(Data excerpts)
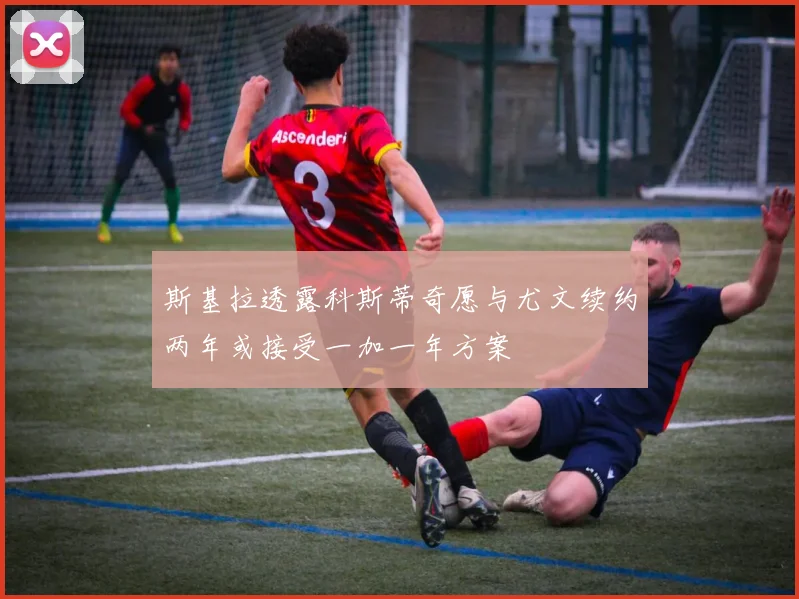 斯基拉透露科斯蒂奇愿与尤文续约两年或接受一加一年方案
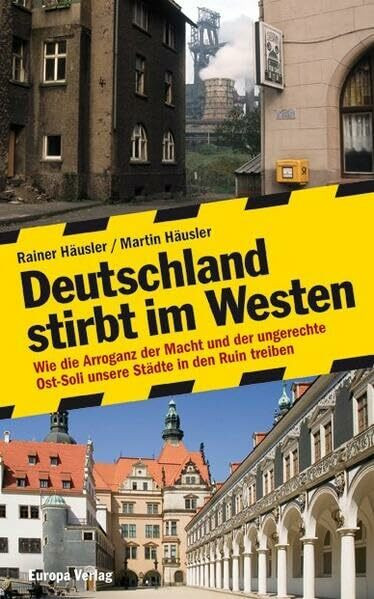 Deutschland stirbt im Westen: Wie die Arroganz der Macht und der ungerechte Ost-Soli unsere Städte in den Ruin treiben
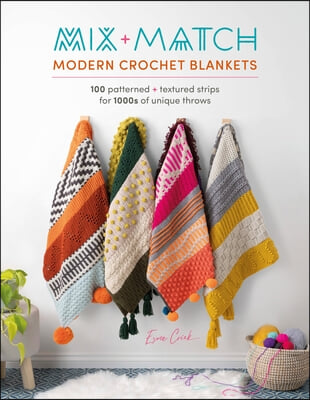 Mix and Match Modern Crochet Blankets: 100 Patterned and Textured Stripes for 1000s of Unique Throws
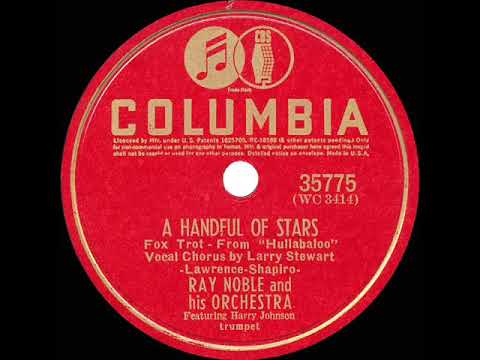 1940 Ray Noble - A Handful Of Stars (Larry Stewart, vocal)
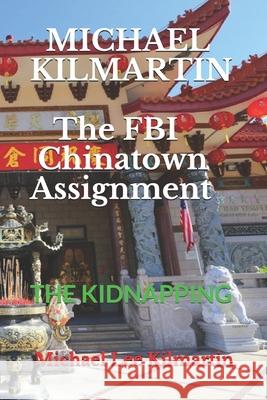 Michael Kilmartin THE CHINATOWN ASSIGNMENT: Kidnapping Kilmartin, Michael Lee 9781798691106 Independently Published - książka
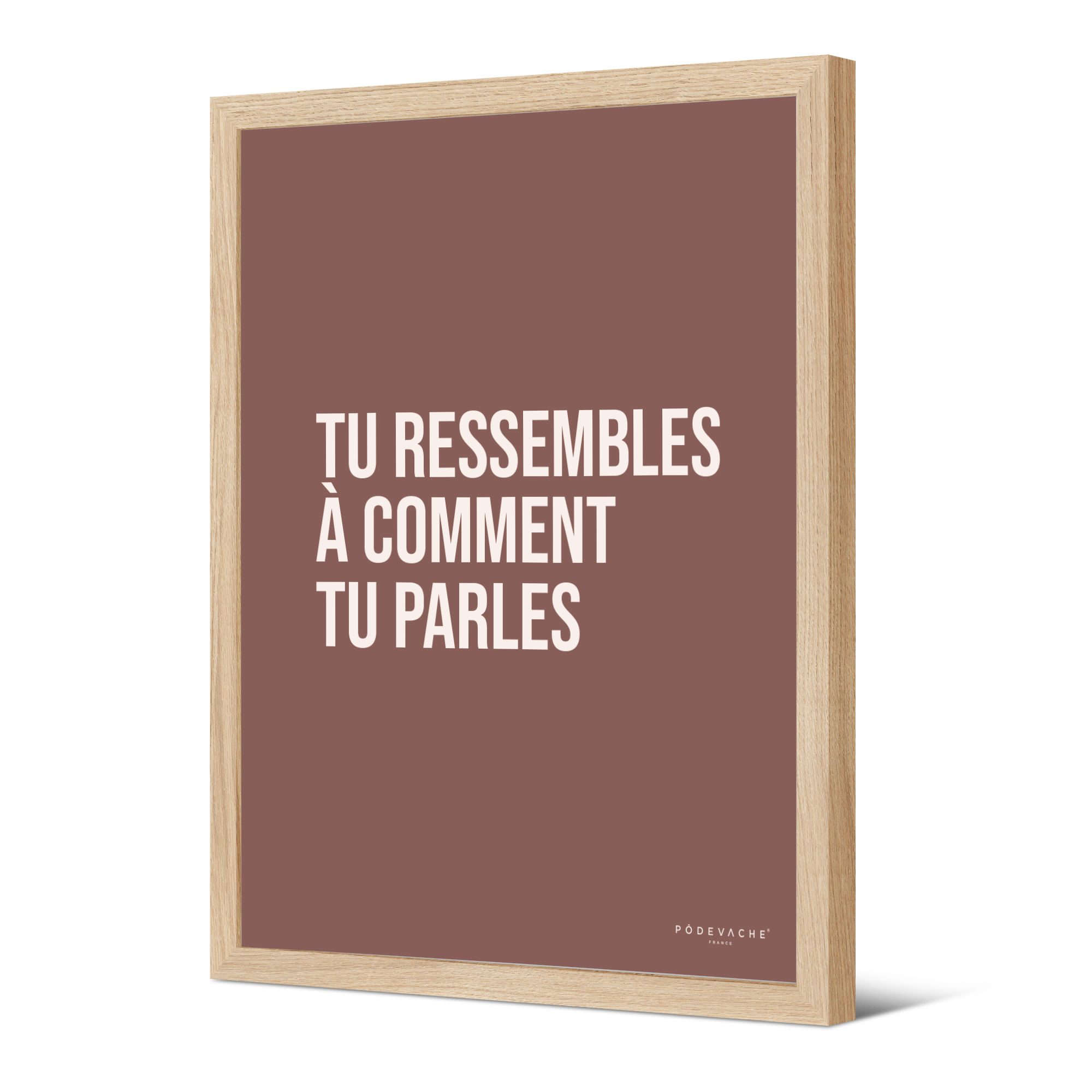 Affiche ou affiche encadrée Tu Ressembles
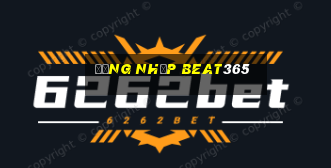 Đăng nhập beat365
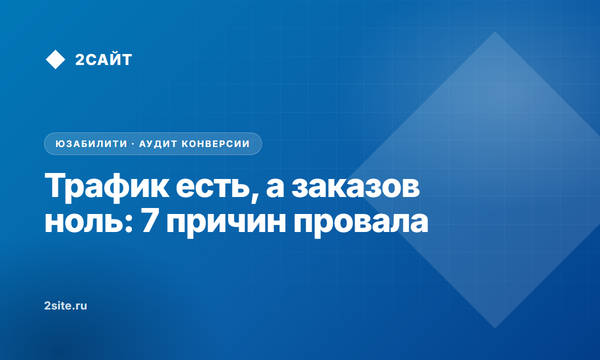 Трафик есть, а заказов ноль: 7 причин низкой конверсии и как их устранить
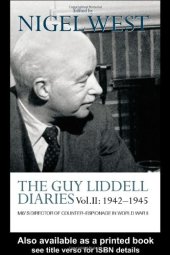 book The Guy Liddell Diaries  Volume II, 1942 - 1945
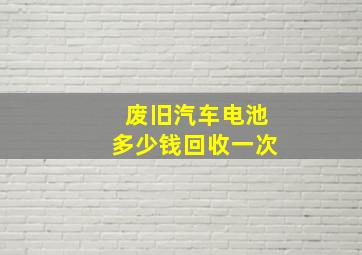 废旧汽车电池多少钱回收一次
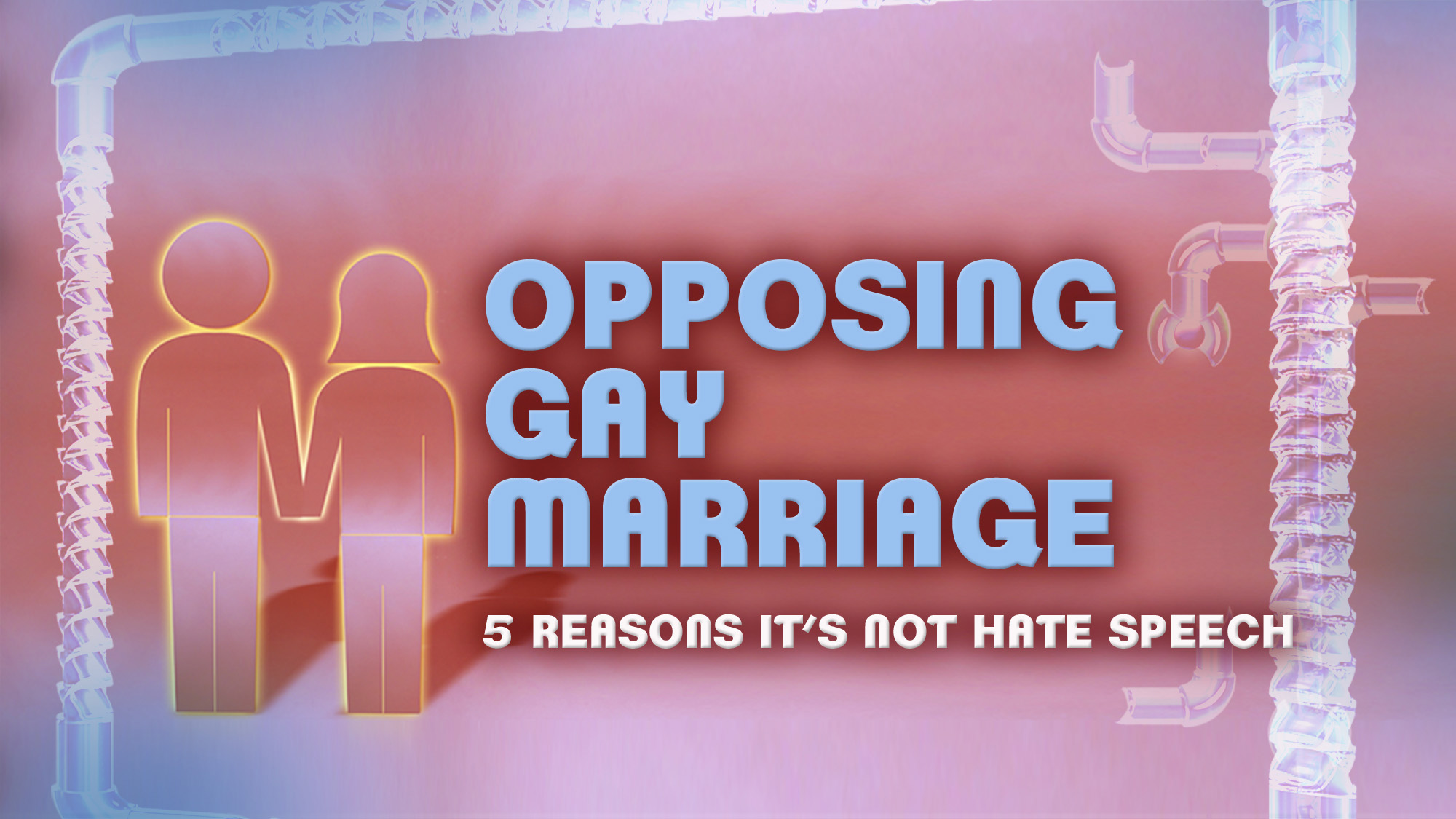 OPPOSING GAY MARRIAGE 5 REASONS NOT HATE SPEECH1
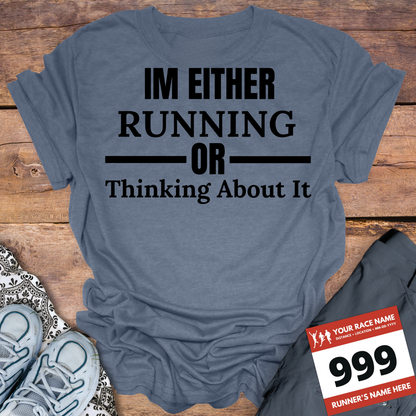 Im Either Running Or Thinking About It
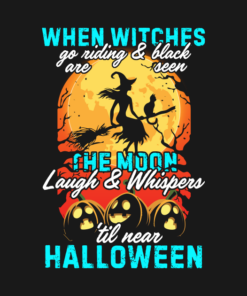 When Witches go riding the Moon Halloween T shirt 2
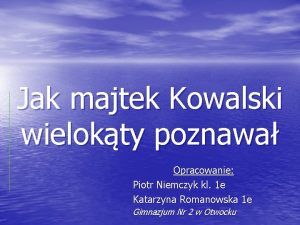 Jak majtek Kowalski wielokty poznawa Opracowanie Piotr Niemczyk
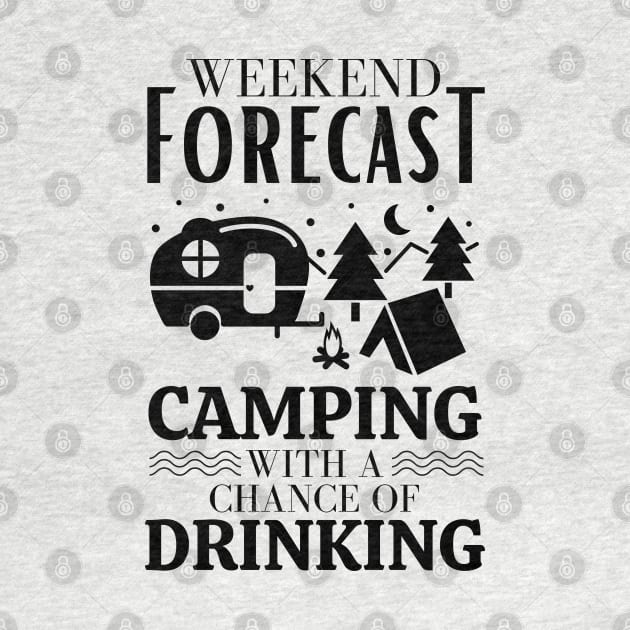 Weekend forecast camping with a chance of drinking by JustBeSatisfied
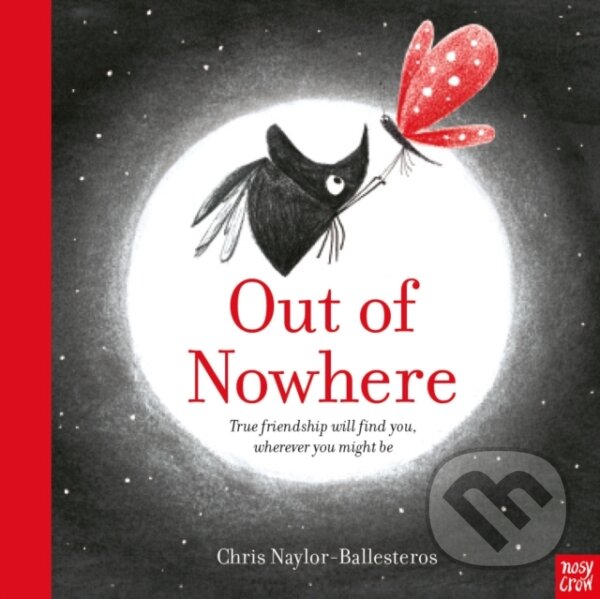 Kniha: Out of Nowhere (Chris Naylor-Ballesteros). Nosy Crow, 2021 Kniha: Out of Nowhere (Chris Naylor-Ballesteros). Nosy Crow, 2021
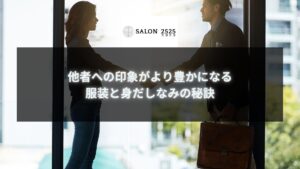 他者への印象がより豊かになる服装と身だしなみの秘訣 - ビジネスシーンでの第一印象を高めるための身だしなみと服装の重要性を解説します。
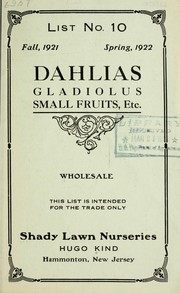 Cover of: Dahlias, gladiolus, small fruits, etc: fall, 1921 spring, 1922 : wholesale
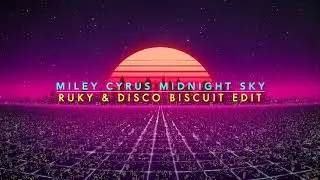 Miley Cyrus - Midnight Sky (Ruky & Disco Biscuit 80's Remix)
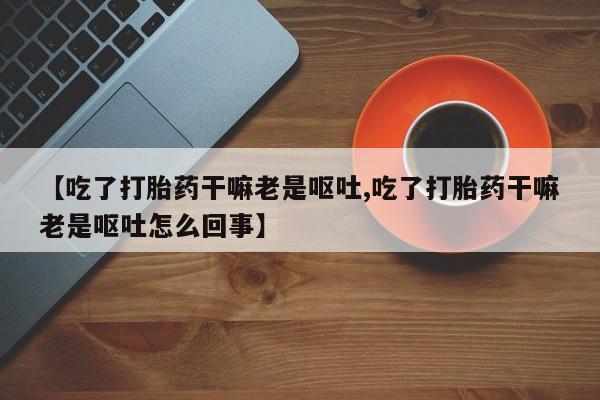 卖打胎药的医生微信号【吃了打胎药干嘛老是呕吐,吃了打胎药干嘛老是呕吐怎么回事】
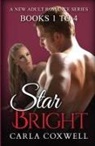 Carla Coxwell, Carla Coxwell - Star Bright New Adult Romance Series - Books 1 to 4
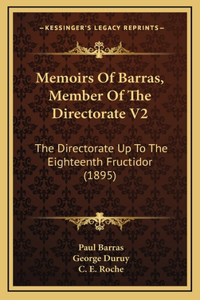 Memoirs Of Barras, Member Of The Directorate V2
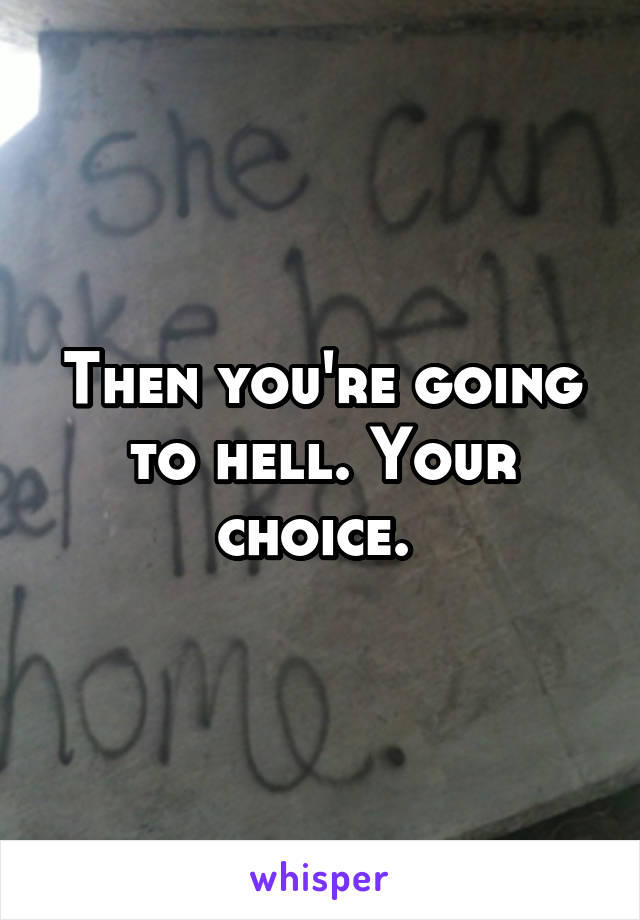 Then you're going to hell. Your choice. 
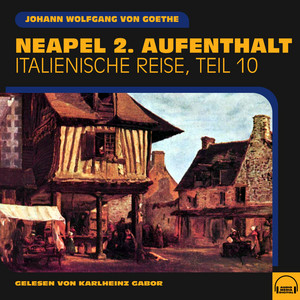 Neapel 2. Aufenthalt (Italienische Reise, Teil 10) Audiobook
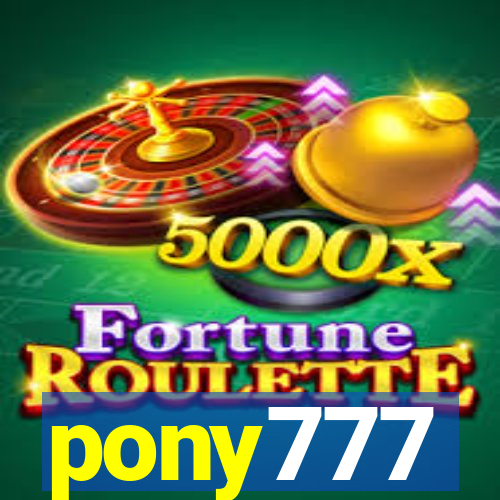 pony777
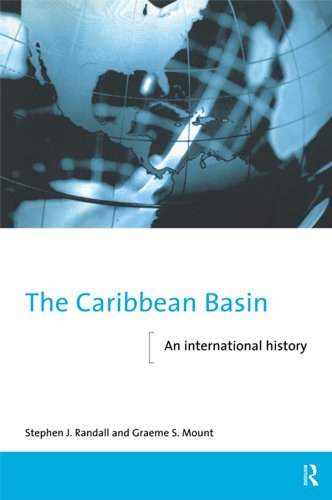 The Caribbean Basin: An International History (The New International History)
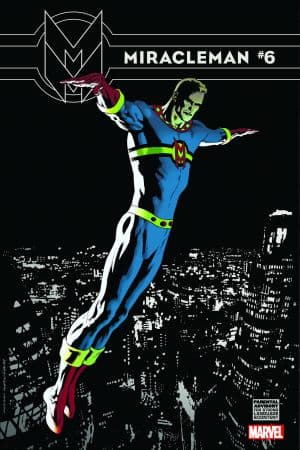 Miracleman (2014) #6 (Nowlan Variant)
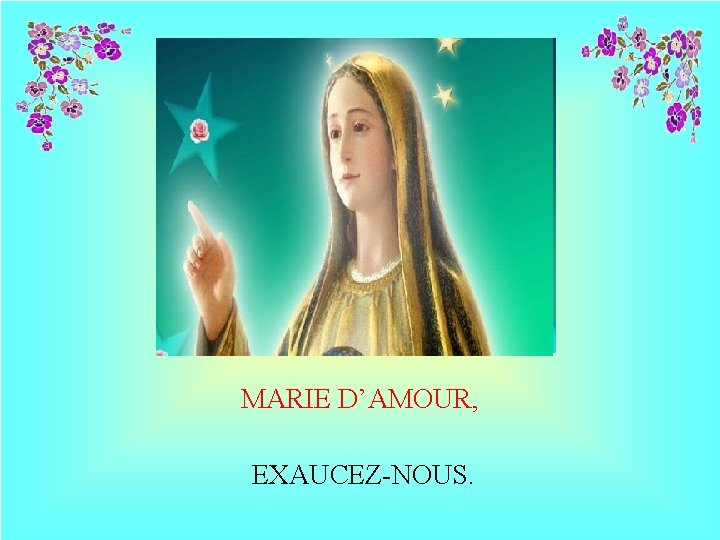 MARIE D’AMOUR, EXAUCEZ-NOUS. 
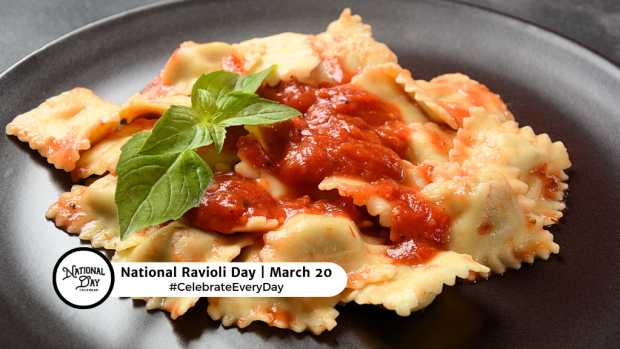 NATIONAL RAVIOLI DAY  March 20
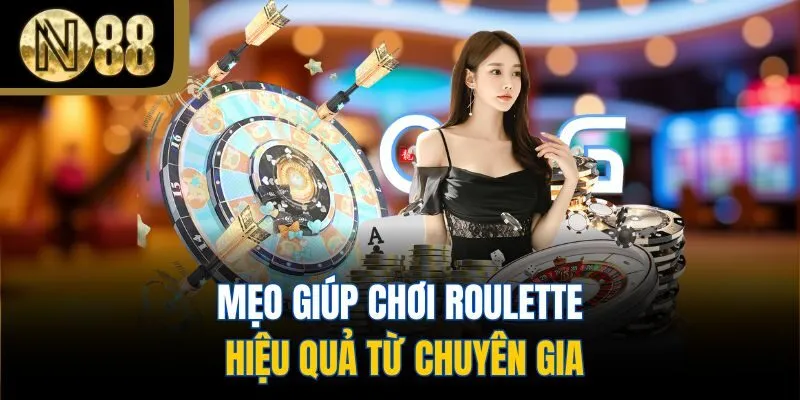 Mẹo giúp chơi Roulette hiệu quả từ chuyên gia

▶ [Task instructions] A word-for-word transcript of the entries above is needed, with pictures removed.

▶ [Written answer]
 斯基拉透露科斯蒂奇愿与尤文续约两年或接受一加一年方案
 Deutschland stirbt im Westen: Wie die Arroganz der Macht und der ungerechte Ost-Soli unsere Städte in den Ruin treiben
 Mix and Match Modern Crochet Blankets: 100 Patterned and Textured Stripes for 1000s of Unique Throws
 1940 Ray Noble - A Handful Of Stars (Larry Stewart, vocal)
 Michael Kilmartin THE CHINATOWN ASSIGNMENT: Kidnapping Kilmartin, Michael Lee 9781798691106 Independently Published - książka
 Affiche ou affiche encadrée Tu Ressembles
 Đăng nhập beat365
 Трафик есть, а заказов ноль: 7 причин низкой конверсии и как их устранить
 book The Guy Liddell Diaries  Volume II, 1942 - 1945
 废旧汽车电池多少钱回收一次
 OPPOSING GAY MARRIAGE 5 REASONS NOT HATE SPEECH1
 Im Either Running Or Thinking About It
 When Witches go riding the Moon Halloween T shirt 2
 Jak majtek Kowalski wielokty poznawa Opracowanie Piotr Niemczyk
 Weekend forecast camping with a chance of drinking by JustBeSatisfied
 Kniha: Out of Nowhere (Chris Naylor-Ballesteros). Nosy Crow, 2021 Kniha: Out of Nowhere (Chris Naylor-Ballesteros). Nosy Crow, 2021
 他者への印象がより豊かになる服装と身だしなみの秘訣 - ビジネスシーンでの第一印象を高めるための身だしなみと服装の重要性を解説します。
 Cover of: Dahlias, gladiolus, small fruits, etc: fall, 1921 spring, 1922 : wholesale
 Miley Cyrus - Midnight Sky (Ruky & Disco Biscuit 80's Remix)
 卖打胎药的医生微信号【吃了打胎药干嘛老是呕吐,吃了打胎药干嘛老是呕吐怎么回事】
 Carla Coxwell, Carla Coxwell - Star Bright New Adult Romance Series - Books 1 to 4
 Memoirs Of Barras, Member Of The Directorate V2
 Then you're going to hell. Your choice. 
 Neapel 2. Aufenthalt (Italienische Reise, Teil 10) Audiobook
 pony777
 The Caribbean Basin: An International History (The New International History)
 Miracleman (2014) #6 (Nowlan Variant)
 MARIE D’AMOUR, EXAUCEZ-NOUS. 
 NATIONAL RAVIOLI DAY  March 20
 Mẹo giúp chơi Roulette hiệu quả từ chuyên gia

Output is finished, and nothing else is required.